Computing the after-commission price for lay bets is slightly more tricky since our liability depends on the price as well as the bet size. The original lay bet has liability $v_i(p_i-1)$ and win return of $v_ip_i - v_ic = v_i(p_i - c)$ after subtracting commission. We want to find an adjusted price $p'_i$ and adjusted volume $v'_i$ with the same liability and return, i.e.
$$
\begin{align}
v_i(p_i - 1) &= v'_i(p'_i - 1) \quad & \textrm{(matching liability)} \\
v_i(p_i - c) &= v'_ip'_i \quad & \textrm{(matching return)}
\end{align}
$$
We have two equations with two unknowns, $v'_i$ and $p'_i$. Subtracting the second equation from the first and rearranging we get
$$
\begin{align}
v'_i &= v_i(1-c) \\
p'_i &= \frac{p-c}{1-c}
\end{align}
$$
In other words, buying a lay bet of size $v_i$ at price $p_i$ with commission rate of $c$ is exactly equivalent to buying a lay bet of size $v'_i$ at price $p'_i$ with no commission.
How do we compute book percentage and bet sizes taking into account commission?

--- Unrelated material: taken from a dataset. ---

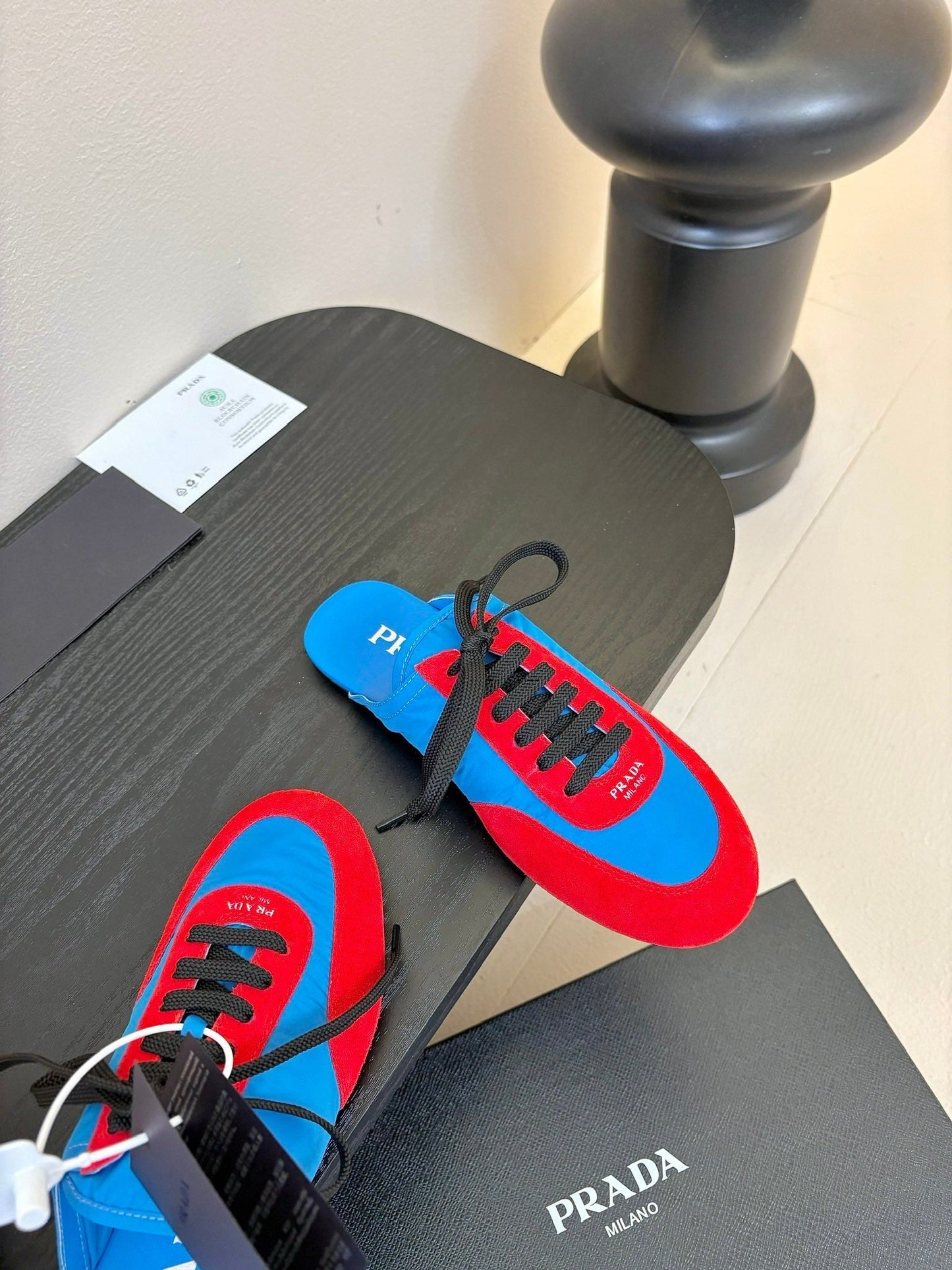 SNEAKER MULES IN BLUE NYLON AND RED SUEDE - 35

To compute book percentage, we simply use $p'_i$ in place of $p_i$ in equation 1 , for both back and lay bets. If the book percentage using the $p'_i$ is less than one, then we proceed to compute the bet sizes by equation 2 using the $p'_i$. We need to be careful with lay bets though, since equation 2 will give us $v'_i$ instead of $v_i$. To get the actual lay size to buy on the exchange, we need to rearrange for $v_i$:
$$ v_i = \frac{v'_i}{(1-c)}. $$
Continuing the example above, assume our commission rate is $c=0.05$. The after-commission prices are:
ID | Market | Selection | Back/Lay | $p$ | $p'$ |
---|---|---|---|---|---|
A | Correct Score | 0 – 0 | Back | 18 | 17.15 |
B | <Team 1> Win to Nil | No | Lay | 1.21 | 1.22 |
C | <Team 2> Total Goals | 1 Goals or More | Back | 1.32 | 1.30 |
Computing the book percentage gives
$$ b = \frac{1}{17.15} + \frac{0.22}{1.22} + \frac{1}{1.3} \approx 1.01 $$
and we can see that with a commission rate of $c=0.05$, the arbitrage is no longer viable.

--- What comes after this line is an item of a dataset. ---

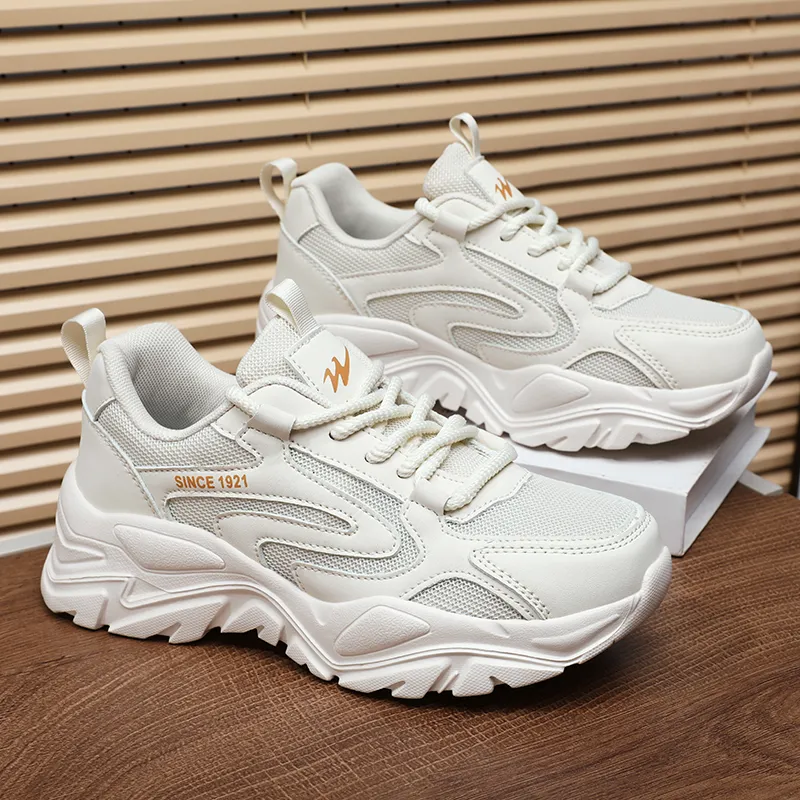 Binary Shock Absorbers Slip Resistant Breathable Low Top Chunky Sneakers Women's Beige Orange-6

Suppose instead our commission rate was $c=0.02$:
ID | Market | Selection | Back/Lay | $p$ | $p'$ |
---|---|---|---|---|---|
A | Correct Score | 0 – 0 | Back | 18 | 17.67 |
B | <Team 1> Win to Nil | No | Lay | 1.21 | 1.21 |
C | <Team 2> Total Goals | 1 Goals or More | Back | 1.32 | 1.31 |
Now our book percentage is $b\approx 0.99$, and there is an arbitrage opportunity. If we want to bet a total of $t=£100$, then using equation 2 with the after-commission prices gives:
ID | Back/Lay | $p$ | $p'$ | $v'$ | Size to buy | Liability | Return | Profit | Commission | Net return |
---|---|---|---|---|---|---|---|---|---|---|
A | Back | 18 | 17.67 | 5.69 | 5.69 | 5.69 | 102.42 | 96.73 | 1.93 | 100.49 |
B | Lay | 1.21 | 1.21 | 82.82 | 84.51 | 17.75 | 102.26 | 84.51 | 1.69 | 100.57 |
C | Back | 1.32 | 1.31 | 76.56 | 76.56 | 76.56 | 101.06 | 24.5 | 0.49 | 100.57 |
Size to buy is equal to $v'_i$ in the case of back bets, and $v'_i/(1-c)$ for lay bets. The remaining columns are calculated assuming we buy a bet of this size at price $p$, the actual price available on the exchange.

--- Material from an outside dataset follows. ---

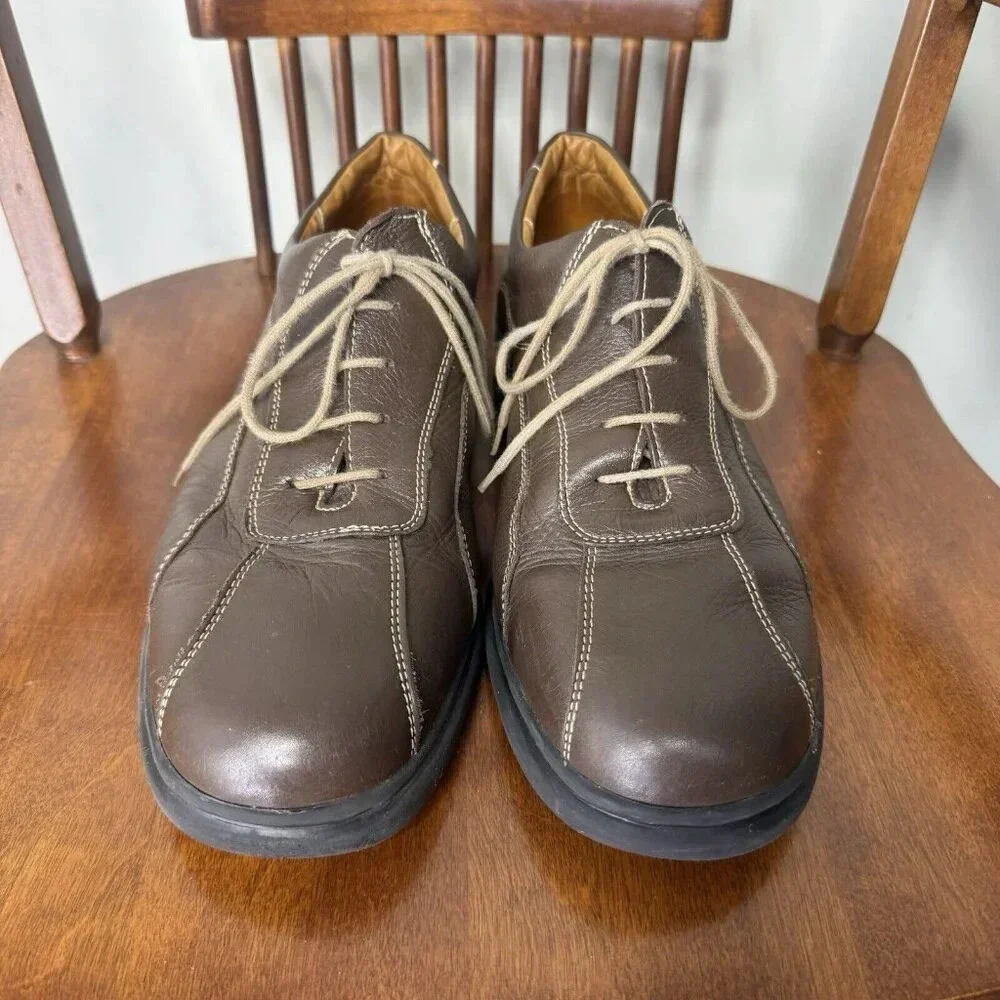 Sandro Men’s Size 10.5 D Lace Up Brown Shoes Leather Office Comfort Air Walk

As we can see, with a commission rate of $c = 0.02$ we can lock in a profit of about 50p.
There are a few more complicating factors that you will have to take into account in practice, including rounding issues, minimum bet sizes , cross-matching and of course actually executing the orders quickly, since arbitrage opportunities are usually competed over. I will write more about these in a future post.